Work request:
In the entries below, find the lines that contain the word "Original" and copy them.
★ ★ ★ ★
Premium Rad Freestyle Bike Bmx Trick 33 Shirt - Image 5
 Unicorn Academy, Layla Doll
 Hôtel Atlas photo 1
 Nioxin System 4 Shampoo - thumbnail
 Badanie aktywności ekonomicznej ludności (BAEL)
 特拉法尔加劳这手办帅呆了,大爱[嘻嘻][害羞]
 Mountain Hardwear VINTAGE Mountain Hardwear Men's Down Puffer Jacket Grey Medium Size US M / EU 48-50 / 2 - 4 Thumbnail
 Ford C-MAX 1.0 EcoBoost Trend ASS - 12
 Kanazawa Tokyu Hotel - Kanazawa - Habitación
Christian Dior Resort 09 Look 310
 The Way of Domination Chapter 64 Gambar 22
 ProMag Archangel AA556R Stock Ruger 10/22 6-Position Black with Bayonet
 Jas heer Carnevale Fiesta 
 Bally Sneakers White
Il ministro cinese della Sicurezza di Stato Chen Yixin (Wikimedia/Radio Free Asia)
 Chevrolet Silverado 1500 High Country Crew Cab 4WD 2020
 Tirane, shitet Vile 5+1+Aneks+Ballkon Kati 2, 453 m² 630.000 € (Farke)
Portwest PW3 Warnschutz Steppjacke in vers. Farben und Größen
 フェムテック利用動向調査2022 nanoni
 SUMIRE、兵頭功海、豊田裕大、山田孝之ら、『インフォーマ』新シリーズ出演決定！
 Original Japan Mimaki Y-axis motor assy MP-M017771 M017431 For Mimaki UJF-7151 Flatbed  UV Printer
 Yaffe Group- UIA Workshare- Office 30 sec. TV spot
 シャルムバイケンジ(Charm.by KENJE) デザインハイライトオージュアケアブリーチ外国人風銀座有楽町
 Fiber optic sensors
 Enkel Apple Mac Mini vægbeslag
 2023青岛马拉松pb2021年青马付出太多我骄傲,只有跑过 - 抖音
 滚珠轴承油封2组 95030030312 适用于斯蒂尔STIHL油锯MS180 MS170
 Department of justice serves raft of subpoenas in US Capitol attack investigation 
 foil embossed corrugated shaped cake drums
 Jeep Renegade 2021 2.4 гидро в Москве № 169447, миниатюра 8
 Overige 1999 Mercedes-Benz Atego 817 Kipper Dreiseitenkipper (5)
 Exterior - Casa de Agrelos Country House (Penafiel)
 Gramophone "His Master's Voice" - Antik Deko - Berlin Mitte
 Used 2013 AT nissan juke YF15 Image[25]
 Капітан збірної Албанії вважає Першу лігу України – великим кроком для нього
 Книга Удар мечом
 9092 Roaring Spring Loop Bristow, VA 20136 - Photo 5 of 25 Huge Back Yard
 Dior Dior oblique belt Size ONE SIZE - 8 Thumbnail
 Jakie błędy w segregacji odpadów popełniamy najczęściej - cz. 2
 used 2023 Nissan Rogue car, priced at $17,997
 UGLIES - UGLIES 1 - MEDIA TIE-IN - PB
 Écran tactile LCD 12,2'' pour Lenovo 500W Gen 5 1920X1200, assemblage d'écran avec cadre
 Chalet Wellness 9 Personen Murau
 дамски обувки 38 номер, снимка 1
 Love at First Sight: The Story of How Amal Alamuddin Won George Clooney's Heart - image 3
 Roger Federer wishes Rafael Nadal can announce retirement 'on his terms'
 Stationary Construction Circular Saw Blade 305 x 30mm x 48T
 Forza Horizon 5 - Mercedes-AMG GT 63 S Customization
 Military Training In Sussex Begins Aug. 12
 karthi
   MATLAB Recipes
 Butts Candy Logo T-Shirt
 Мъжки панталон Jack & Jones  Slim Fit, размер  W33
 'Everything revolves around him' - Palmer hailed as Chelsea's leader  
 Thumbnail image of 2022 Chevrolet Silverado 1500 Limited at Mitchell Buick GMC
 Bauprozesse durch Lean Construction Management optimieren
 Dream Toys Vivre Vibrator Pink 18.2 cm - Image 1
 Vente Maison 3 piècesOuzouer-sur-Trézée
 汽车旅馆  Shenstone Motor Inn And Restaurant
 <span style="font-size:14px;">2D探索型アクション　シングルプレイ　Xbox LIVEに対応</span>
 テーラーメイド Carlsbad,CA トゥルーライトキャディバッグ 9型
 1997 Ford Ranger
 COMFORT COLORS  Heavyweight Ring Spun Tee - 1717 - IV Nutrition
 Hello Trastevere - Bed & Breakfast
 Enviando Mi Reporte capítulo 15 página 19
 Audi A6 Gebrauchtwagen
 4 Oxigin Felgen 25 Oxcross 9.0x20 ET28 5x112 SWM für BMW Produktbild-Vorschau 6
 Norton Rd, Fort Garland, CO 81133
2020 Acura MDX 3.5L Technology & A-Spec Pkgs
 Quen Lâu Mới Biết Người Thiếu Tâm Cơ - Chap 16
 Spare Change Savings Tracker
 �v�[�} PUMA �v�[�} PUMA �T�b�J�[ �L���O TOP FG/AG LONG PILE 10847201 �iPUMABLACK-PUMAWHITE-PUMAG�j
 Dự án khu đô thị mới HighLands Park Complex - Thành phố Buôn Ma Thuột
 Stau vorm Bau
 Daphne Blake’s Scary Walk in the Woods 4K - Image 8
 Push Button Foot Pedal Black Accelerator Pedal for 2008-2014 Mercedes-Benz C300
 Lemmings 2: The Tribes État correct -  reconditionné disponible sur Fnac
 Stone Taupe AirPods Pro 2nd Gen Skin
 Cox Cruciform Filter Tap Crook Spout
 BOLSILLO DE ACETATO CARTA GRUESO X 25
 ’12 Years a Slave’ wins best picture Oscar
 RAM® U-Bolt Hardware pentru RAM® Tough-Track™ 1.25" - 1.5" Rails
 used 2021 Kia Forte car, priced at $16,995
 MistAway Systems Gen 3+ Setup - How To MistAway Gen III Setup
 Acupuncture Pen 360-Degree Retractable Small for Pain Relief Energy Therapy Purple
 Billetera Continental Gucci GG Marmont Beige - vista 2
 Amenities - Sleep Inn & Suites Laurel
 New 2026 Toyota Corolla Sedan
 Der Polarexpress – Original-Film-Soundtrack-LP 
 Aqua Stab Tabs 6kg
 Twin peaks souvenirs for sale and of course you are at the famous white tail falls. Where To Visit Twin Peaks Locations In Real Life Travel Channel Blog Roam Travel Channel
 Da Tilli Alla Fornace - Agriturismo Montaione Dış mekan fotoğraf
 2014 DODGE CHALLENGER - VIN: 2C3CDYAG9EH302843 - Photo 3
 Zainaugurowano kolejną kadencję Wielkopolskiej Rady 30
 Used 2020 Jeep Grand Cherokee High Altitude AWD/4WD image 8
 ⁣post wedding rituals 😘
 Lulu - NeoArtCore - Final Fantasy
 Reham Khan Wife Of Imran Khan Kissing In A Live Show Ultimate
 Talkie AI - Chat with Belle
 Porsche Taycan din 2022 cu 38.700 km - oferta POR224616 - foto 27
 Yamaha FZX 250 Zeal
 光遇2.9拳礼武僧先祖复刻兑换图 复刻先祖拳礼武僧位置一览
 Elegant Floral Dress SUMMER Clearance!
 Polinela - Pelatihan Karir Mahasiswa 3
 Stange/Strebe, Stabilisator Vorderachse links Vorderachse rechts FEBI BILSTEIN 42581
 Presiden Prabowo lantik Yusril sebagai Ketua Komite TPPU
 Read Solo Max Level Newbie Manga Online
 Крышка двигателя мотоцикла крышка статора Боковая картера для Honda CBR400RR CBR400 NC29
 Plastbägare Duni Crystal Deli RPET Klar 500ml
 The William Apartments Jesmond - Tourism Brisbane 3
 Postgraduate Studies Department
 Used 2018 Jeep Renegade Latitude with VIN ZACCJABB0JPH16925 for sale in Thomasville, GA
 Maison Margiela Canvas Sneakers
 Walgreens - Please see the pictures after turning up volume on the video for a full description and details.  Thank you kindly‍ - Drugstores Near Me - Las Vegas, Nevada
★ ★ ★ ★
Solution to this problem:
 Original Japan Mimaki Y-axis motor assy MP-M017771 M017431 For Mimaki UJF-7151 Flatbed  UV Printer
 Der Polarexpress – Original-Film-Soundtrack-LP 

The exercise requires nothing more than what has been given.